Deutschland mit Import-Rekord
Berlin (dpa) - Die deutsche Wirtschaft hat im November Geschichte geschrieben: Sie importierte so viel wie nie zuvor seit Beginn der Statistik 1950. Im Jahresvergleich erhöhten sich die Einfuhren nach Deutschland um ein Drittel auf 75,1 Milliarden Euro.
Die Ausfuhren kletterten um 21,7 Prozent auf 88,0 Milliarden, den höchsten Wert seit Oktober 2008, wie das Statistische Bundesamt am Freitag mitteilte. Die deutsche Industrie erhielt allerdings einen kleinen Dämpfer: Ihr Produktionsrückgang im November fiel mit 0,7 Prozent stärker als erwartet aus.
„Der kräftige Anstieg der Importe zeigt, dass die deutsche Binnenkonjunktur weiter an Kraft und Dynamik gewinnt“, sagte Bundeswirtschaftsminister Rainer Brüderle (FDP). Die Exporte hätten „praktisch wieder das Niveau vor der Krise“ im Herbst 2008 erreicht. Allerdings verlaufe die Entwicklung nach dem fulminanten Exportwachstum im ersten Halbjahr „erwartungsgemäß in etwas ruhigeren Bahnen, der Welthandel habe „einen Gang auf Normalwachstum zurückgeschaltet“.

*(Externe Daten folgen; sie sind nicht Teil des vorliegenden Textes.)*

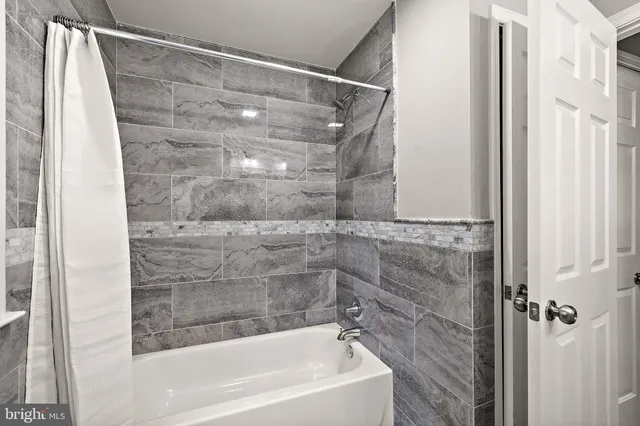 a bathroom with a shower and a bath tub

Unterm Strich schaffte Deutschland im November einen Außenhandelsüberschuss von 12,9 Milliarden Euro, kalender- und saisonbereinigt von 11,8 Milliarden Euro. Zugpferde für den deutschen Export seien neben den aufstrebenden Schwellenländern nun auch wieder verstärkt die EU-Länder, sagte Anton Börner, Präsident des Bundesverbandes Groß- und Außenhandel (BGA). „Was kaum möglich schien: Ende des Jahres (2010) werden wir 90 Prozent des Kriseneinbruchs wieder aufgeholt haben.“
Die Metall- und Elektro-Industrie arbeitet sich weiter aus der Krise heraus: Die Auftragseingänge übertrafen im November das Vormonatsergebnis um rund 7,5 Prozent. Insgesamt habe die M+E- Industrie bis November in der Produktion etwa 70 Prozent des Kriseneinbruchs aufgeholt, bei den Auftragseingängen rund 80 Prozent.
Vergleichsweise magere Zuwächse verbuchte der deutsche Einzelhandel im Jahr 2010: Die Umsätze stiegen laut Statistischem Bundesamt nominal um 2,5 bis 2,7 Prozent. Im November erzielte der Einzelhandel in Deutschland nach den vorläufigen Ergebnissen aus sieben Bundesländern nominal 3,8 Prozent und real 2,0 Prozent mehr Umsatz als im November 2009. Der Dezember ist in der Jahresbilanz noch nicht berücksichtigt, nach früheren Angaben des Handelsverbandes HDE erlebten die Einzelhändler „das beste Weihnachtsgeschäft seit Jahren“.
Commerzbank-Analystin Ulrike Rondorf bezeichnete die Handels- Zahlen als „eine negative Überraschung angesichts der positiven Stimmung“. In den Umsätzen sei von dem so viel heraufbeschworenen Boom des deutschen Konsums nicht viel zu sehen.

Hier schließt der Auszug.